►
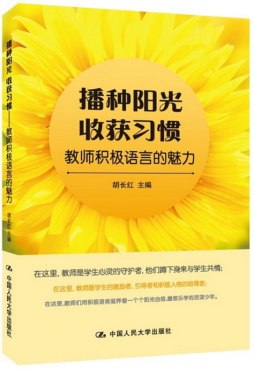 播种阳光　收获习惯封面图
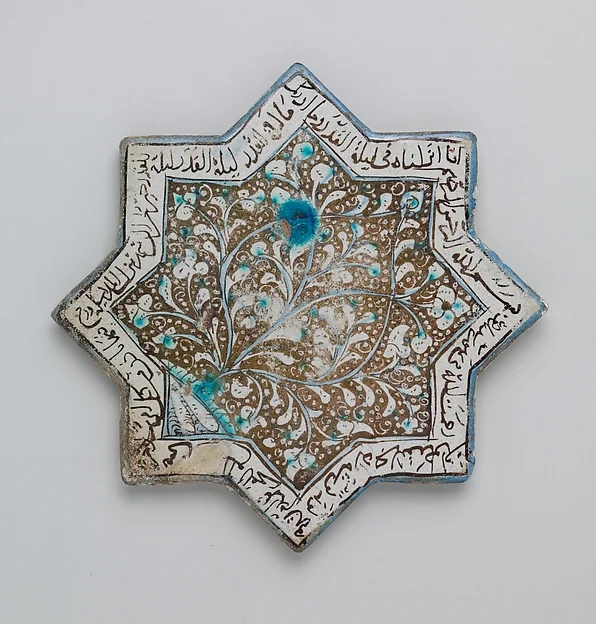 Eight-pointed Star Tile with Foliage and Inscription — تصویر رکورد موزهٔ متروپولیتن (دسترسی آزاد)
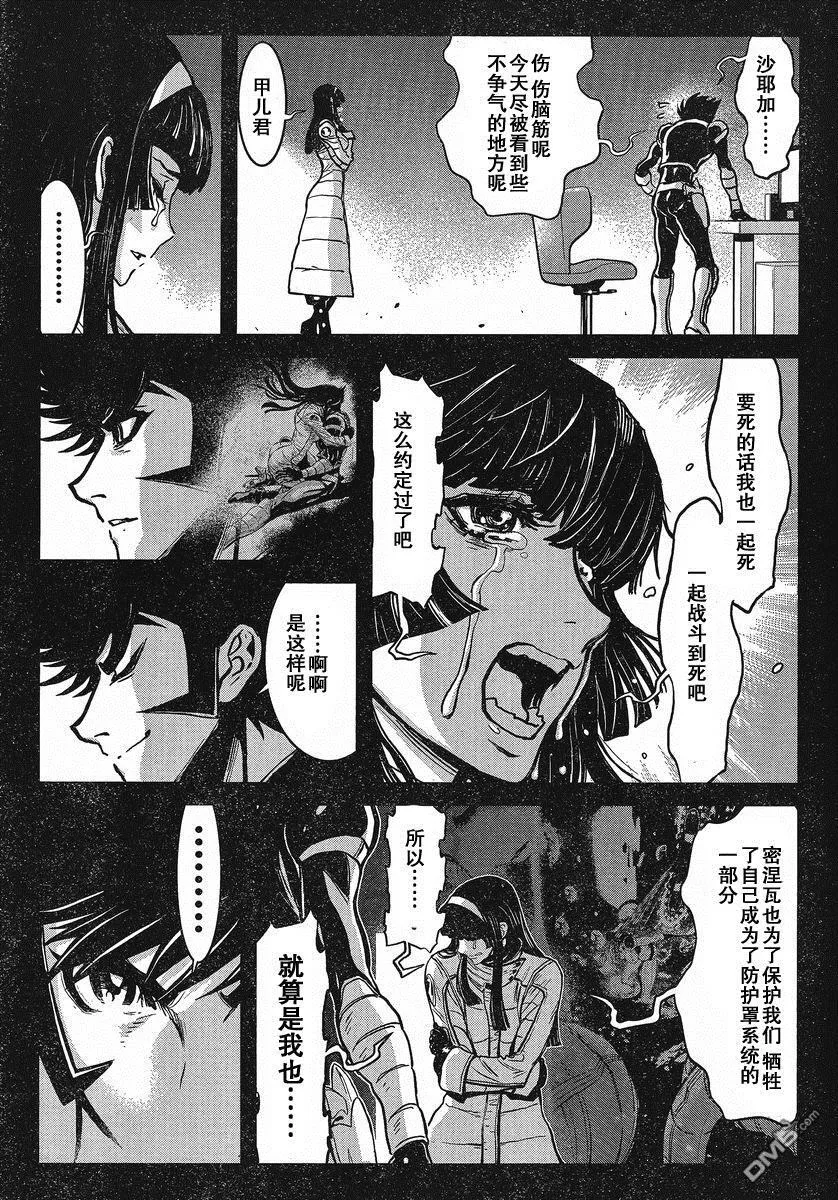 第31话 第17页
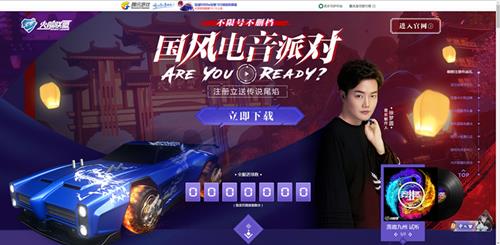 ��������ˡ����ν�ʲô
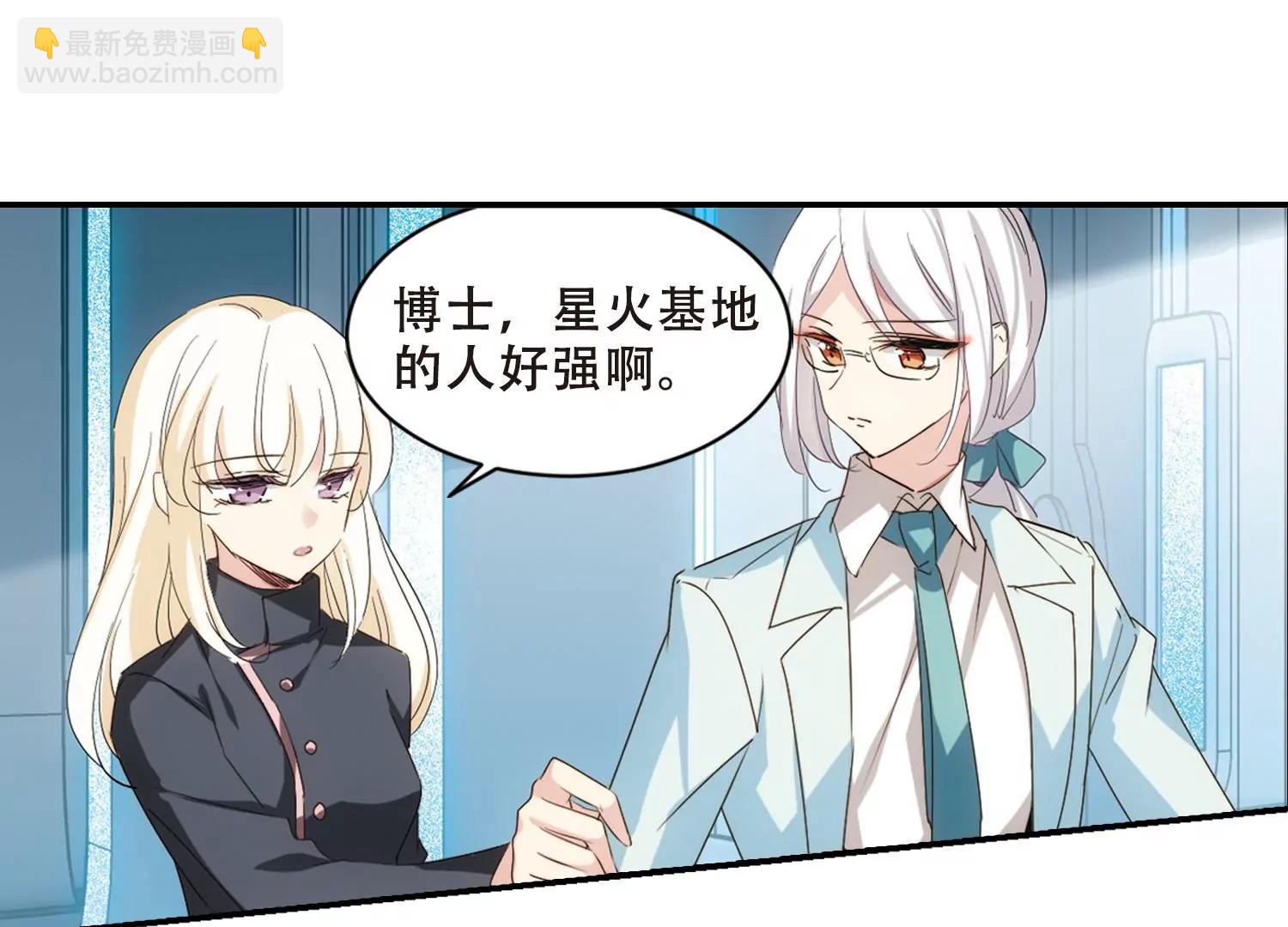 🍶穿越西元3000后 第692话  双子星陨落3 第23页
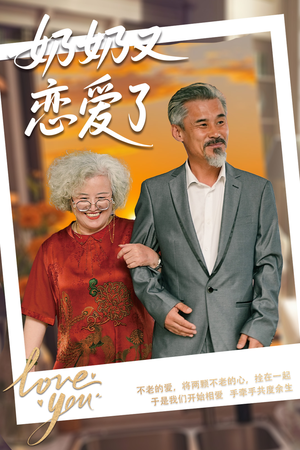 奶奶又恋爱了（70集）短剧越看越精彩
◄
Task brief — A faithful, word-for-word version of the records above is needed, with no images in it.

Exercise response —
 播种阳光　收获习惯封面图
 Eight-pointed Star Tile with Foliage and Inscription — تصویر رکورد موزهٔ متروپولیتن (دسترسی آزاد)
 第31话 第17页
 ��������ˡ����ν�ʲô
 🍶穿越西元3000后 第692话  双子星陨落3 第23页
 奶奶又恋爱了（70集）短剧越看越精彩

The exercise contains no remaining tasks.